▸ Instructions for the task: Please reproduce exactly, and only, the line containing "深圳队碾压勇士，王哲林高光表现的简单介绍" and every line after it to the end of the records below, leaving out all pictures.

[Information provided — start]

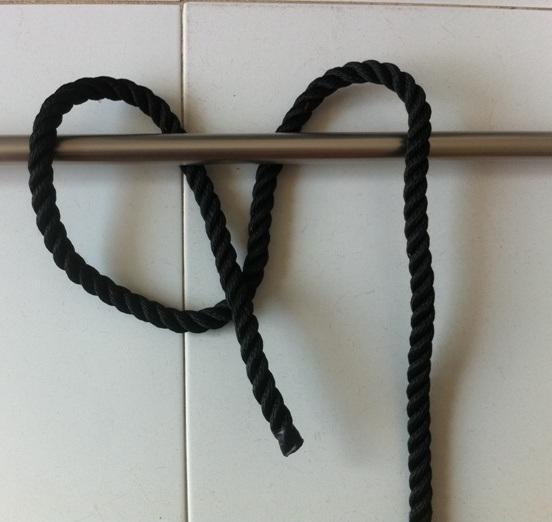 Cómo hacer un ballestrinque - Paso 3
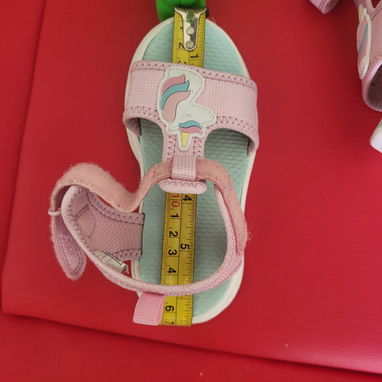 Sandalias y tenis - Img 121836456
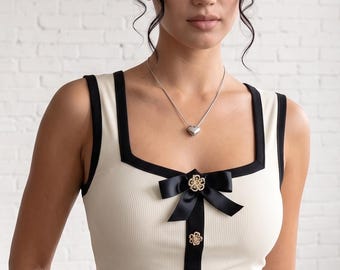 Vintage Contrast Trim Cami – Elegant Bow Detail Tank Top – Chic Old Money Aesthetic Camisole – Metal Button Summer Vest – Romantic Coquette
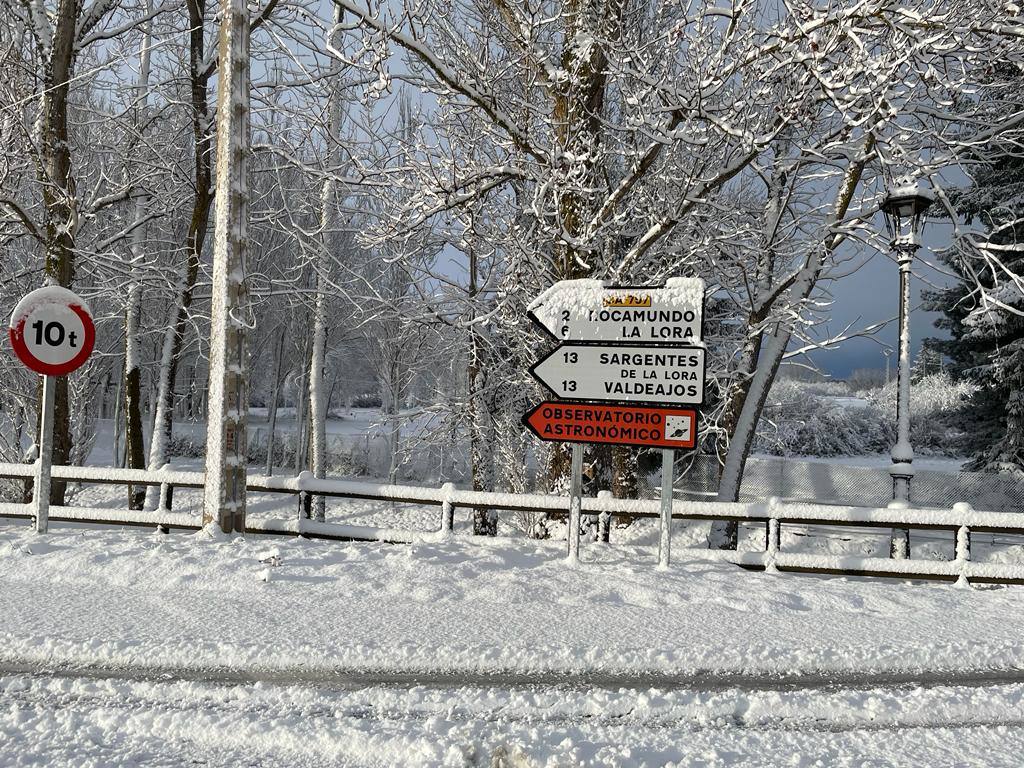 La nieve deja hermosas estampas en Valderredible, aunque complica la circulación en algunas carreteras de la zona.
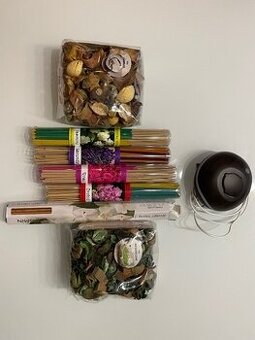 Sada vonných tyčinek (180 kusů), aroma difuzér, vonné doplňk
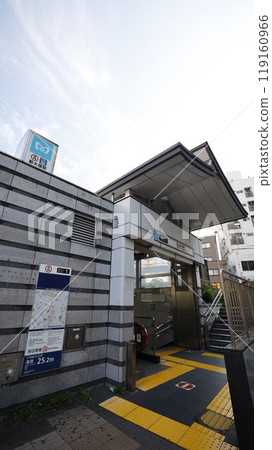 東京地鐵丸之內線新大塚站1號出口設置自動扶梯 東京地鐵丸之內線新大塚站1號出口設置自動扶梯 119160966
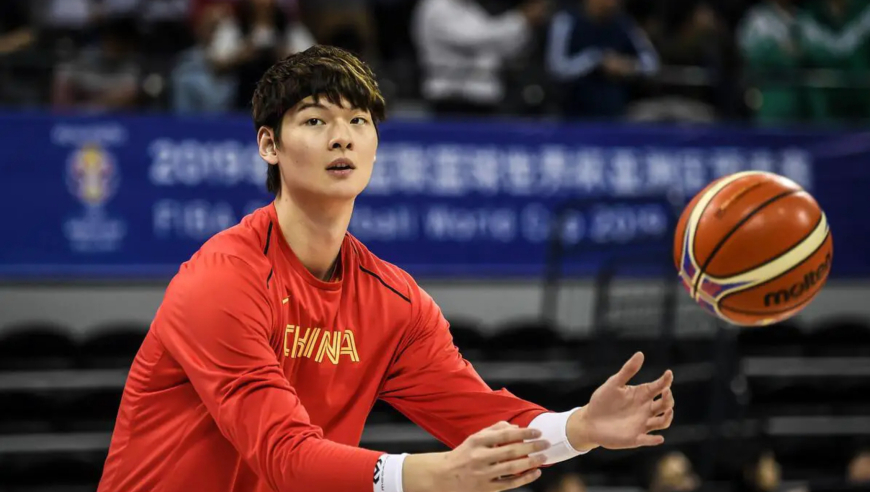 深圳队碾压勇士，王哲林高光表现的简单介绍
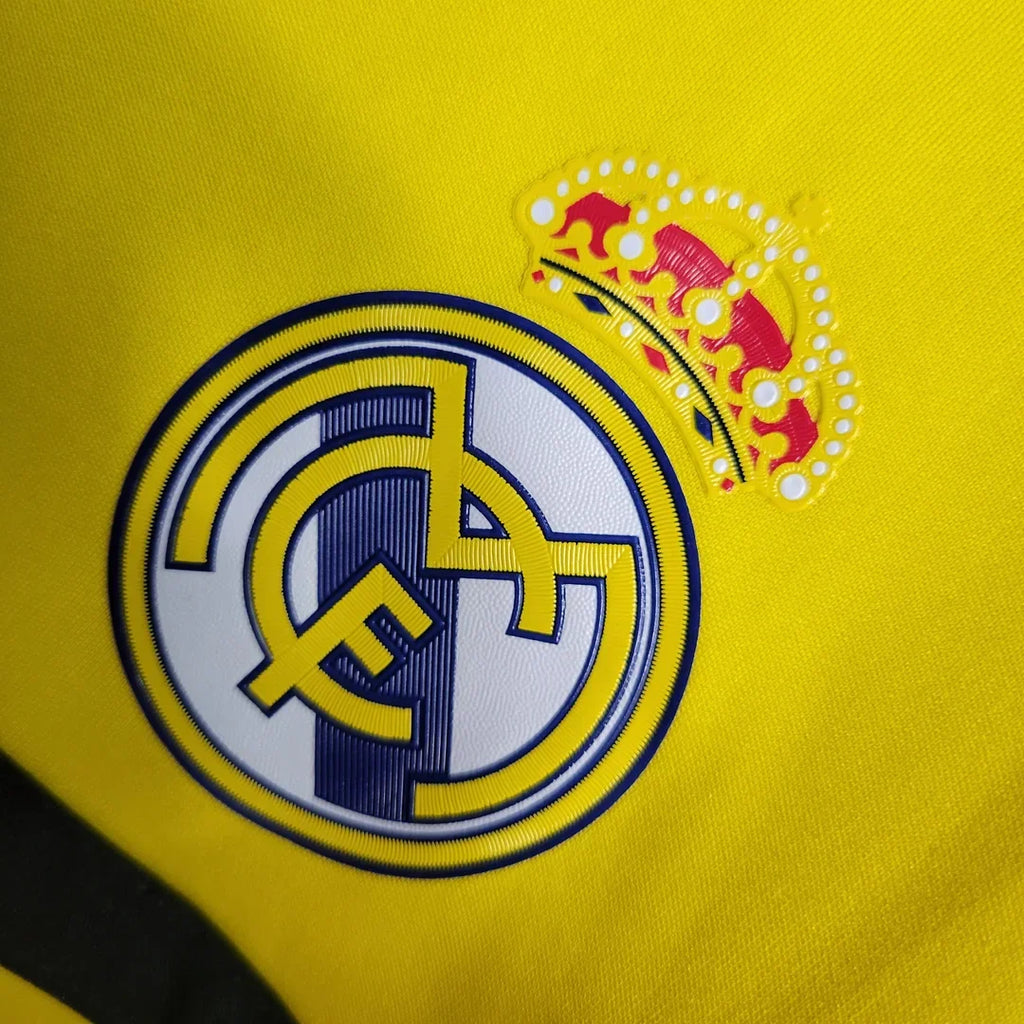 Real Madrid 2011/12 Retro Yellow Goalkeeper Jersey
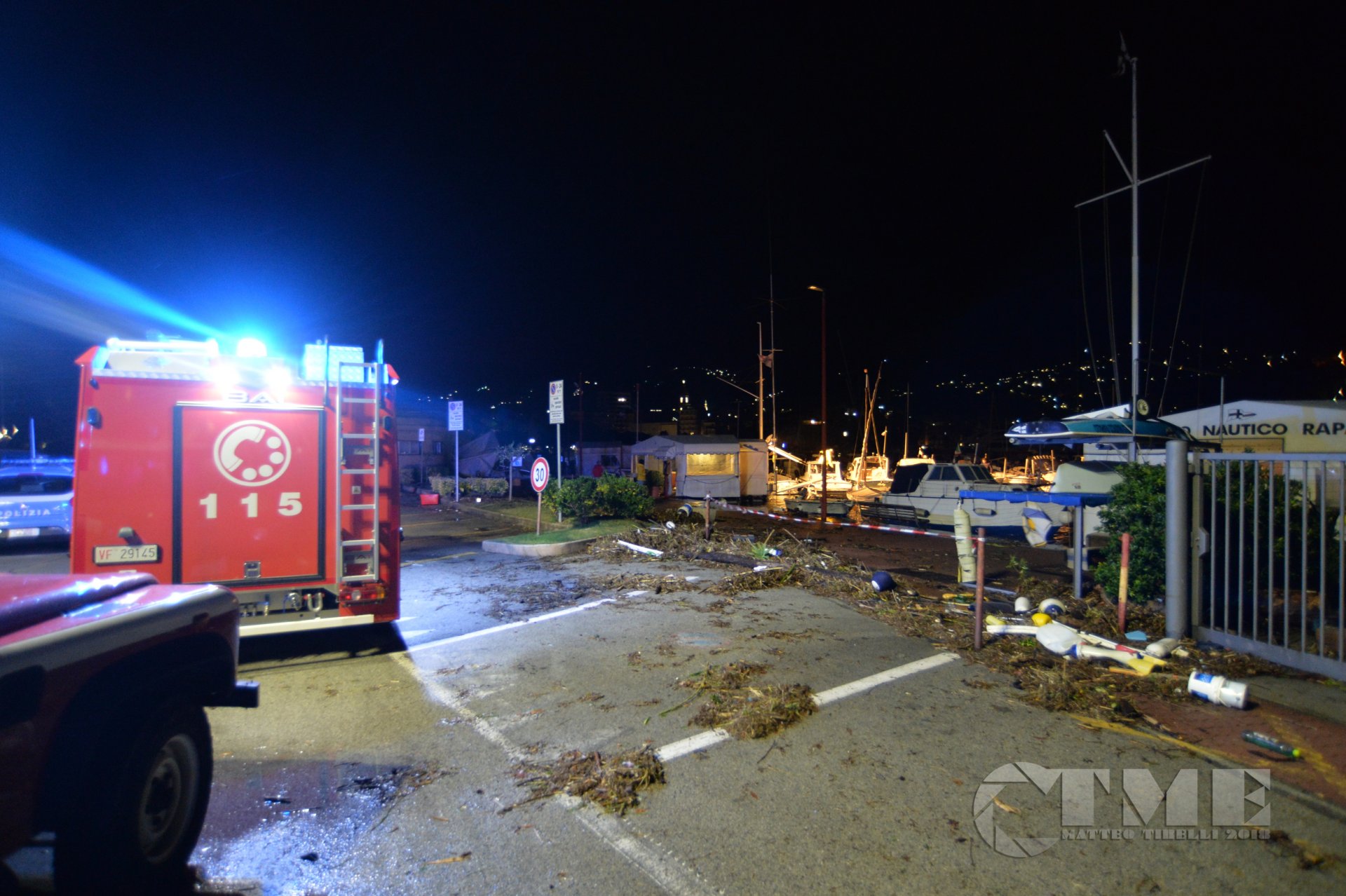 Apocalisse a Rapallo devastato il porto marinai in balia delle onde 29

[Information provided — finish]

▸ Written answer:
 深圳队碾压勇士，王哲林高光表现的简单介绍
 Real Madrid 2011/12 Retro Yellow Goalkeeper Jersey
 Apocalisse a Rapallo devastato il porto marinai in balia delle onde 29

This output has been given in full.